# Compute p-value in paired bootstrap

I ran across a new paper from the Berkeley NLP group on statistical testing, An Empirical Investigation of Statistical Significance in NLP.

There is pseudocode for computing a p-value in the paper, basically, the idea is that the sample set of $x_1,x_2,...,x_N$ are sampled with replacement from data $x$. Then

$\text{p-value} = \text{count}(\delta(x_i) > 2\delta(x))/N$, where $\delta(x_i)$ is a metric gain.

I could understand the formula for computing the p-value in Koehn's paper Statistical significance tests for machine translation evaluation, in which:

$\text{p-value} = \text{count}(\delta_a(x_i) < \delta_b(x_i))/N$, where $\delta_a$ and $\delta_b$ are the metric gain for system $a$ and $b$ respectively.

Is there any explanation or reference for the formula $\text{p-value} = \text{count}(\delta(x_i) > 2\delta(x))/N$. The authors also noted that if the mean of $\delta(x_i)$ is $\delta(x)$ and $\delta(x_i)$ is symmetric, then both formulas above are equivalent.

"the $x_i$ were sampled from $x$, and so their average $\delta(x_i)$ won’t be zero like the null hypothesis demands; the average will instead be around $\delta(x)$... The solution is a re-centering of the mean – we want to know how often $A$ does more than $\delta(x)$ better than expected.

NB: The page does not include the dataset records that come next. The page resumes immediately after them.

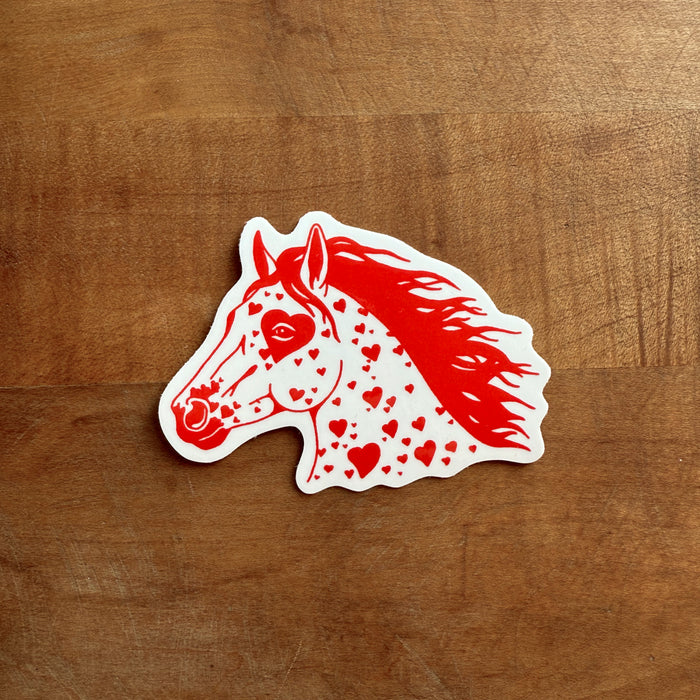 SOLD OUT. Bronco Hearts (Red) Glossy Sticker
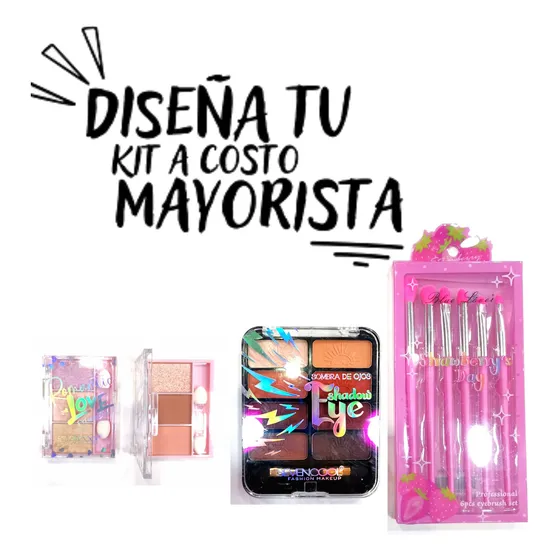 Kit Sombra Ojos Iluminador Con Brocha Sevencool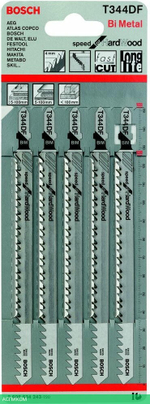 Пилка для лобзика Bosch T 344 DF Speed for Hard Wood 5шт 2.608.634.243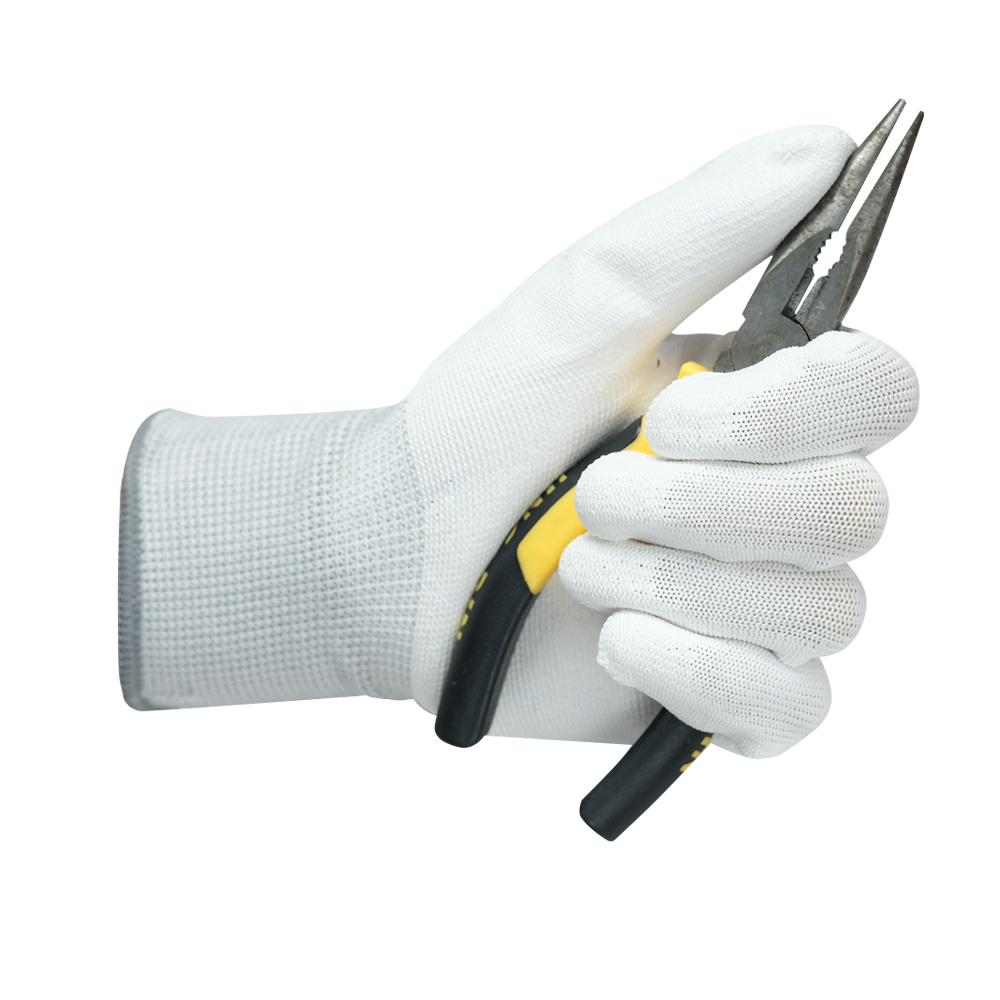 Zhongshang High Quality White PU Palm Gloves No.13 Nylon Wear Resistant Industrial Labor Gloves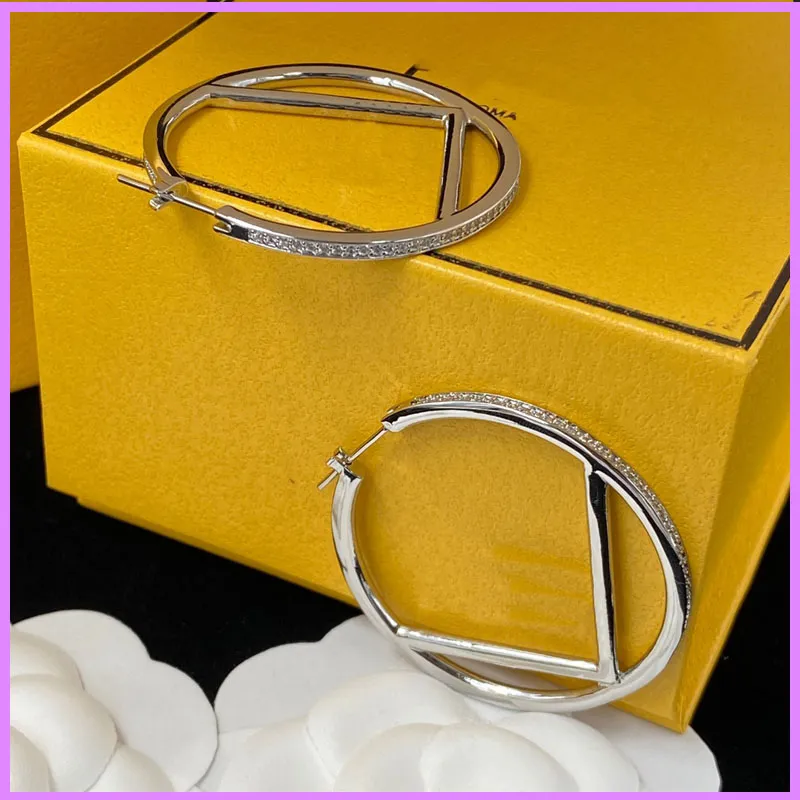 Mulheres brincos de ouro designer jóias moda brinco de argola com diamantes f carta prata orelha studs senhoras para party329n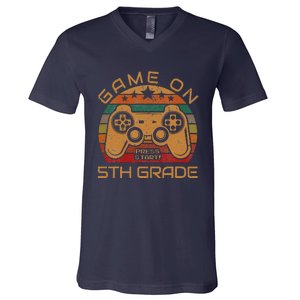 Game On 5th Grade First Day Gamer Gift Back To School V-Neck T-Shirt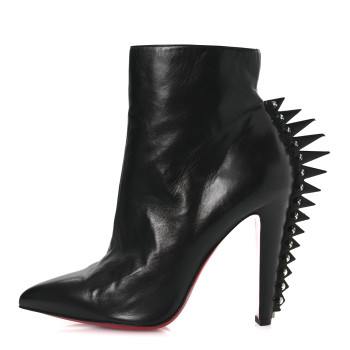 CHRISTIAN LOUBOUTIN Nappa Electroboot 100 Ankle Boots 41 Black Silver
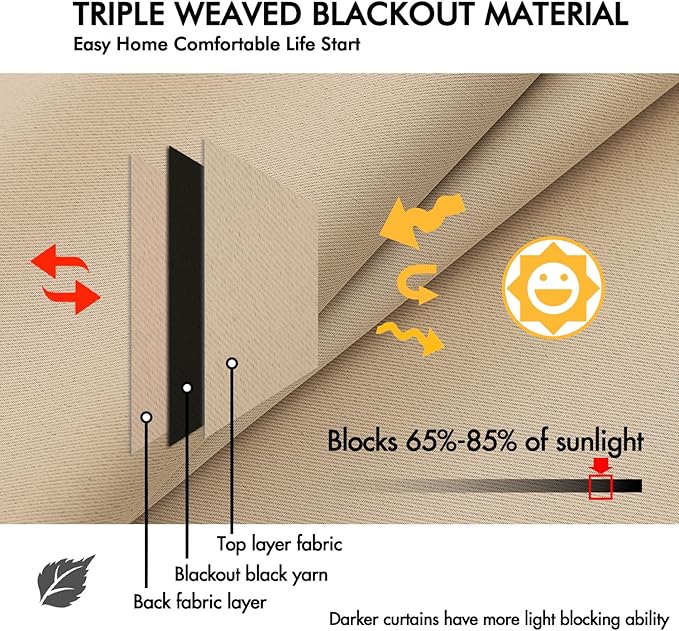 ANRODUO Back Tab Blackout Curtains for Bedroom Living Room, Rod Pocket Pinch Pleated Thermal Insulated Room Darkening Curtains 54 Inches Long 2 Panels, Beige, 42 x 54 Inch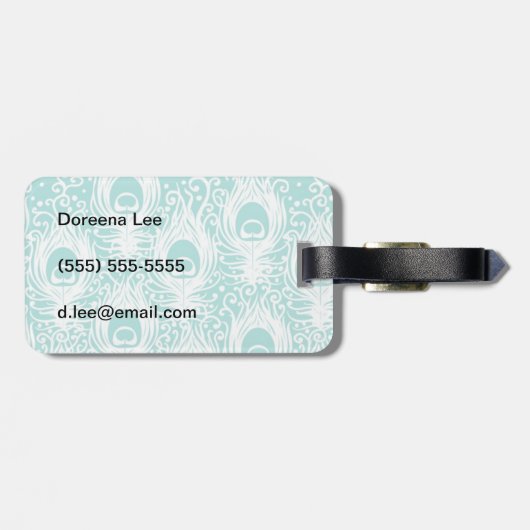 Weiche Pfaufedern Gepäckanhänger (Rückseite horizontal)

We expect it to beat $B$ by $\delta(x)$. Therefore, we count up how many of the $x_i$ have $A$ beating $B$ by at least $\delta(x)$."
The authors want to test if the gain is non-zero so they write the p-value as $\delta(x_i) < 2\delta(x)$ , which could be re-written as $0 < 2\delta(x) - \delta(x_i)$; because $E[\delta(x_i)]=\delta(x)$ the R.H.S. of the inequality then becomes $\delta(x)$, which is the $H_0$ they were seeking to reject.